A pensar male si farà peccato, direte voi, ma ci sono cose che non mi convincono in tutta questa storia del punto nascite di Pavullo.
Non mi convincono da quando, nel 2011, cominciai a seguire la vicenda dei vari piani attuativi locali, ero corrispondente per la Gazzetta di Modena, e ricordo le ostentate rassicurazioni dell’appena rieletto Canovi, dell’allora presidente della Provincia Sabatini e del direttore dell’Ausl di allora, di cui non ricordo il nome. Era l’epoca in cui si inauguravano le case della salute e in cui il Frignano, ancora comunità montana, non ancora Unione dei comuni mostrava tutto fuorché unità di intenti, con certe frizioni date anche dal colore politico.
La vicenda cominciò a convincermi ancora meno nel 2013, altro Pal altro regalo (si fa per dire), io avevo cambiato giornale (Modena Qui) ma non era cambiato il clima. Semmai si era ulteriormente provincializzato, ricordo la conferenza di fine anno, il direttore dell’Ausl era Martini (altro cambiamento nel frattempo), e di fronte alla minacciata chiusura del punto di primo intervento di Fanano, ci fu l’allora sindaco Lugli che fece addirittura lo sciopero della fame.
Ricordo un alto Frignano sconvolto dal riassetto delle pubbliche assistenze, l’ira dei sestolesi di fronte a un servizio di infermieri specializzati del 118 presente solo per 12 ore e la casa della salute in posizione decentrata a Fanano. Ricordo la poca chiarezza su ciò che orbitava intorno all’ospedale di Pavullo, già allora si parlava di un punto nascite inadatto per le emergenze. E ricordo pure un Canovi inferocito durante la conferenza, stuzzicato dai comitati in difesa dell’ospedale, che si permise di ostentare che altri potevano farsi avanti per le battaglie del territorio, ma che per farlo bisognava “ciaper i vut” (prendere i voti degli elettori, per chi non mastica dialetto).Oggi io sono al mio terzo quotidiano locale, la musica non è cambiata, i voti però hanno cambiato padrone; tuttavia non è servito ma, obiettivamente, sarebbe ingiusto attribuire la colpa all’attuale sindaco di Pavullo. E credo che qualunque altro sindaco non Pd avrebbe incontrato le stesse difficoltà a fronte di una Provincia a conduzione Pd, una regione a conduzione Pd e una conferenza socio sanitaria guidata di conseguenza.
Non mi permetto di sindacare su quanto hanno fatto i tecnici della sanità locale e di cui Biolchini si fida, mi permetto di dubitare di altre cose però.

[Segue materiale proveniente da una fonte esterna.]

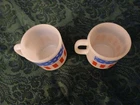 2 - Vintage Patriotic Milk Glass Heat Resistant GlassBake  Coffee Cup Mugs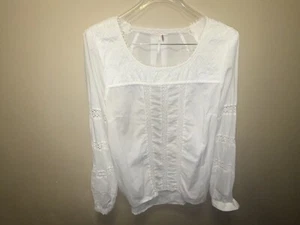 Free People Ready For You Blouse Embroidered Beaded Long Sleeve Ivory NEW Large - Picture 1 of 5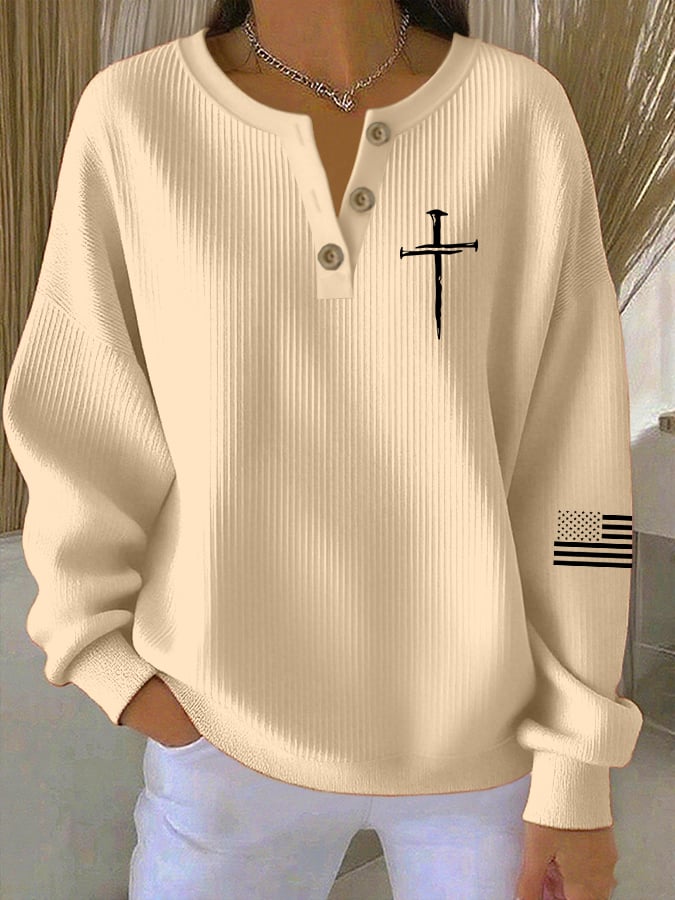 Women's Vintage Faith Cross Print Knitted Crew Neck Long Sleeve Top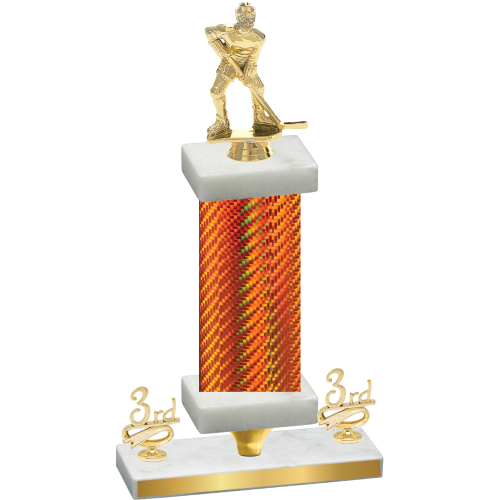 Premium Single Orange Carbon Fiber Third Place Hockey Trophy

Dubito della bontà dell’unione di intenti di tutti i sindaci del Frignano: avessero guardato al territorio, e non da oggi, non saremmo a parlare di un punto nascite che diventa un punto morto.
A questo punto c’è da augurarsi che il nuovo Pal sia veramente un qualcosa di straordinario come dicono e non, come teme la gente comune, un gioco sopra
Infine si fa un gran parlare di come tra un po’ da Fiumalbo ci vorrà un sacco di tempo prima di raggiungere il punto nascite più vicino (google maps da 1 ora e 23 minuti per arrivare a Sassuolo, contro i 49minuti per arrivare a Pavullo). Sappiate che da Frassinoro, ci vuole come minimo un’ora per arrivare a tutti i punti nascite esistenti a oggi (Pavullo 1h e 10, Sassuolo 52 minuti e Barga in provincia di Lucca 1h e 30. 57 minuti per arrivare invece a Castelnovo Nè Monti). E, che io sappia la loro viabilità è in linea con il resto d’Appennino, forse qualche dissesto idrogeologico in più. Con questo non voglio dire che sia giusto chiudere il punto nascite, ma per salvaguardarlo servirebbe un argomento un po’ più forte rispetto a quello legato alla viabilità su cui, come detto più volte in questo articolo, il Firgnano non ha mai fatto fronte comune.